Ha! I blew it. I debated about whether to post this, but I figure why not. I won’t get it off my mind until I do.
Today was not a good day. I was through withdrawals, and today was a counseling session, so I thought I was in like flint. However, I got messed up beforehand on a brew of booze and substances…no heroin though. No opiates of any kind. Therefore, I thought I was doing quite well. Never mind the fact that mentally, I was in a really dark place. I was drowning, actually. But I hadn’t relapsed, so I thought I was coasting on some grand path to realization. I did, however, have a fantastic stash just sitting in the apartment tempting me with all of hell’s wrath. I couldn’t bring myself to just get rid of it. No way. I might need it.
Round two: I got a ride to the counselor, feeling airy and blithe and indifferent to everything. The counselor asked questions, and wouldn’t you know, I’m an easy target for straightforwardness when I get loopy. I was candid and maybe a little frank, or maybe not. It’s a little blurry. I didn’t really care because I couldn’t be touched. I was far removed from the earth, in a celestial realm called who-the-fuck-cares.

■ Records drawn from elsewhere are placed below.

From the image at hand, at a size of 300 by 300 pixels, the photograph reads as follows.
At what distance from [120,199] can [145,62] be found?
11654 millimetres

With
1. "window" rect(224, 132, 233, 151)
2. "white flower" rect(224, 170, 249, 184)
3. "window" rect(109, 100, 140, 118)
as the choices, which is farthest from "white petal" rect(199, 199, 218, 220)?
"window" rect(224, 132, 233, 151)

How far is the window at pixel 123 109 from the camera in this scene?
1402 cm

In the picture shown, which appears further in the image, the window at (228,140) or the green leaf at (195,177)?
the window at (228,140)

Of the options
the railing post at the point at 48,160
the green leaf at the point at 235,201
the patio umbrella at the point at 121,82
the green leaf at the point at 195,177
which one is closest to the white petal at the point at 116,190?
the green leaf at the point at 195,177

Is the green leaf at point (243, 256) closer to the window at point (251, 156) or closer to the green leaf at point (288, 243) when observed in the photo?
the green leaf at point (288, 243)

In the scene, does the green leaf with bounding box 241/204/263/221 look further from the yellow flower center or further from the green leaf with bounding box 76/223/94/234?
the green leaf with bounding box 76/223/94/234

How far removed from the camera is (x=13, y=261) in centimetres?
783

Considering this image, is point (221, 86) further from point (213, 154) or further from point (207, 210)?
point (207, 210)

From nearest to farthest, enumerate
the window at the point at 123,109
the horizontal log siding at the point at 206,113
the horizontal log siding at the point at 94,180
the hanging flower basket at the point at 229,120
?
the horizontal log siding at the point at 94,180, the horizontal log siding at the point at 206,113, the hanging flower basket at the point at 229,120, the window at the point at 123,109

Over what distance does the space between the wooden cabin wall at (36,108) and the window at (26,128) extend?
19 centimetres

Round three: I guess I could be touched. Moments passed; my counselor was out of the room, then back with another counselor…both really sweet, genuine guys…and I nodded and agreed with everything they said. I wasn’t just agreeing to be agreeable…I really saw things the same way. At least, I think I did. I had a hard time keeping my train of thought. I watched their lips move to assist my brain in processing words and deciphering sentences. Wait…did the second one just say he called the authorities? Hmm. Yep, my counselor’s expression seemed to verify what I had heard. They were speaking quite clearly, but whether due to chemicals or shock (my guess is chemicals), it just wasn’t registering…I would have to go with them when they came? Like now?? Surely they would give me an hour or two, maybe let me run home to take a shower and down a few beers and grab a six-pack for the journey. I mean, that’s logical.

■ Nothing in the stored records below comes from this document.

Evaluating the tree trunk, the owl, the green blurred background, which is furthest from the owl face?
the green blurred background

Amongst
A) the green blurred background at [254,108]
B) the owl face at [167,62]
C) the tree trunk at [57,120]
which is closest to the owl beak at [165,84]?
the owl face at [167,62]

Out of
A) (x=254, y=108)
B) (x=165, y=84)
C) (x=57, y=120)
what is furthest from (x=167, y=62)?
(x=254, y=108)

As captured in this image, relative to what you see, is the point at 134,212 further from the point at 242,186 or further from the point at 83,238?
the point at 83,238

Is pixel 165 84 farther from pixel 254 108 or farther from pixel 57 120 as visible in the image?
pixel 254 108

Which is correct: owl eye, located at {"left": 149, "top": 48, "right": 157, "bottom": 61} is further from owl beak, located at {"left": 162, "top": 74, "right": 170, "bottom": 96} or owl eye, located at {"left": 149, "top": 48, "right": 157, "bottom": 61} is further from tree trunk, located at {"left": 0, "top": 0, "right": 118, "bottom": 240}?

The Man came to escort me to the ER. One of them explained standard procedure: handcuffs go on before departing the building, unless he could talk his partner into waiting until after we were out of the building. Luckily, his partner was more benevolent, and perhaps after sizing up my 100 lbs, she said no handcuffs today. I even sweet-talked them into letting me have a cigarette (a vice I succumb to during times of withdrawal), and I could tell their decision to indulge me was a begruding one. That gave me some satisfaction. I was still traveling in style through who-the-fuck-cares land, and I was feeling tremendous indifference to the whole situation. I was being called a danger to myself, and I couldn’t disagree, but my more pressing concern was how I would succeed in maintaining my buzz for 72 hours. Impossible. Come on, how could they be so unfair as to deny me such a sacrosanct entitlement?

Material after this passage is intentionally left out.